Darting in and out through the jam of cars at the U.S. border, shopkeeper Christen Haines wasn’t sure what reaction she’d get from the horde of drivers squeezing over the line to empty their credit cards.
The masses were being drawn into the States last Friday to take advantage of the new cross-border shopping rules, which more than doubled what people can bring back into Canada.
Haines, however — who runs the Kid Supply consignment clothing store in Steveston — said it was pure coincidence she and her staff were on the scene that day, dressed in their finery and handing out flyers encouraging drivers to shop local.
“We didn’t quite intend to do it on the same day; we had been planning this since February and were just waiting on a good weather day to do it,” said Haines, who was “stunned” by the TV coverage her stunt received.
“One person at the border said, ‘you can’t beat the price I’m going to get in the States.’ They were going for a bridal gown and were going to spend a few hundred bucks.
“I have three new bridal gowns in the store for $75 each. But they wouldn’t know because they hadn’t bothered to check.”
Haines said she’s been inundated with phone calls and random hugs from people since she tore it up at the border.
Although business picked up significantly on Wednesday, she’s not sure if the flyers and media coverage are the cause.
“I’ve no problem with people going south to shop, but just not exclusively,” said Haines, who employs three part-time assistants in her store, which sells kids and adults clothing, both used and new.
The new cross-border shopping rules allow Canadians to buy up to $200 after an overnight trip, four times the previous amount.
The limit has doubled from $400 to $800 for people on a jaunt of between two and seven days, while the limit for those gone for more than a week increases from $750 to $800.

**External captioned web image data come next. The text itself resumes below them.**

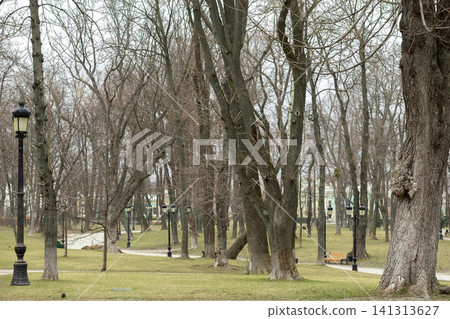 A serene city park featuring tall leafless trees and vintage iron lampposts along winding pathways during early spring, evoking a quiet urban landscape for leisure and reflection 141313627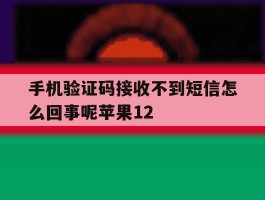 手机验证码接收不到短信怎么回事呢苹果12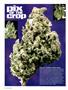 Page: - 18 | High Times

“Before the rules changed, there were still a lot of people that manipulated the system, so you have to wonder how much they will now spend,” said Haines.

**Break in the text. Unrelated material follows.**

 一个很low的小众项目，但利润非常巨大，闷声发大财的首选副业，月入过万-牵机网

Global TV turned Haines’ border stunt into a protest story, according to Haines. “It wasn’t a protest, we just wanted to give people a shake and get them to at least think about us before going over the line.
“There are so many great deals in our shop, but people don’t even bother looking.”
Rubbing salt into the wound, Haines said former customers she hasn’t seen for years have waltzed into her store, mention they do all their shopping cross-border and then ask for sponsorship for their kids’ sports team.
“I’m not a vengeful or spiteful person, but I have a hard time not saying, ‘Are you kiddin’ me?’” said Haines.
“If they scratched my back, I might just scratch theirs once in a while. I’m not sure if some people can connect the dots when it comes to these things.
“Another person, who shops over the border, came in after a long absence and remarked that her neighbour doesn’t seem to work in the store anymore.
“I thought to myself, ‘Target doesn’t employ people here’.”